In the plan view of fluorescent substrate 10 g, first region 21 includes oxide structures 13 g (that is, the first light-transmitting regions). More specifically, in the plan view of fluorescent substrate 10 g, first region 21 includes portions of oxide structures 13 g and portions of fluorescent structure 11 g. Note that in FIG. 15 , out of the dotted region indicating first region 21, portions of oxide structures 13 g are provided in portions of first region 21 indicated by lighter dotted regions, and portions of fluorescent structure 11 g are provided in portions of first region 21 indicated by darker dotted regions.
Out of excitation light L1 that has entered first region 21, a portion of excitation light L1 that enters oxide structures 13 g passes through oxide structures 13 g. Further, out of excitation light L1 that has entered first region 21, a wavelength of a portion of excitation light L1 that enters fluorescent structure 11 g is converted by fluorescent structure 11 g, and the portion of excitation light L1 exits through as transmitted light L3 that is wavelength-converted light.
In the present embodiment, the sintered fluorescent substance further includes an oxide material that does not include a luminescent center element. Fluorescent substrate 10 g includes first light-transmitting regions that consist essentially of the oxide material, do not include the fluorescent material, and transmit light (excitation light L1) that excites the fluorescent material. First region 21 includes the first light-transmitting regions.
Accordingly, when excitation light L1 enters the first light-transmitting regions (that is, oxide structures 13 g) that consist essentially of the oxide material that does not include a luminescent center element, excitation light L1 passes through oxide structures 13 g, and thus excitation light L1 exits through fluorescent substrate 10 g.
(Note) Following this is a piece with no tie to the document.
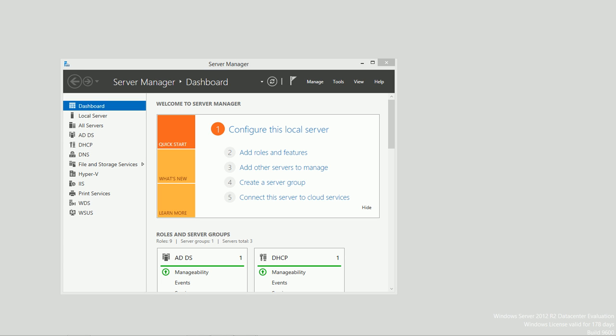In this video, we're going to discuss auditing and the ways we can implement auditing in Windows Server 2012 R2, as well as how it can be useful to us.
Similarly, when excitation light L1 enters fluorescent structure 11 g that consists essentially of the fluorescent material, a wavelength of excitation light L1 is converted by fluorescent structure 11 g, and thus transmitted light L3 that is wavelength-converted light exits through fluorescent substrate 10 g.
Thus, rotation of the rotator allows excitation light L1 and wavelength-converted light to exit through fluorescent substrate 10 g in a time-dividing manner. In the present embodiment, fluorescent substrate 10 g can cause yellow light as excitation light L1 and blue light as wavelength-converted light to exit through in a time-dividing manner.
Furthermore, fluorescence emitting module 1 g according to the present embodiment may be applied to projector 500, instead of fluorescence emitting module 1 c according to Embodiment 1. In this case, projector 500 includes a digital lighting processing (DLP) element serving as display element 602, and thus can be used as a 1-DLP (1-Chip DLP) projector.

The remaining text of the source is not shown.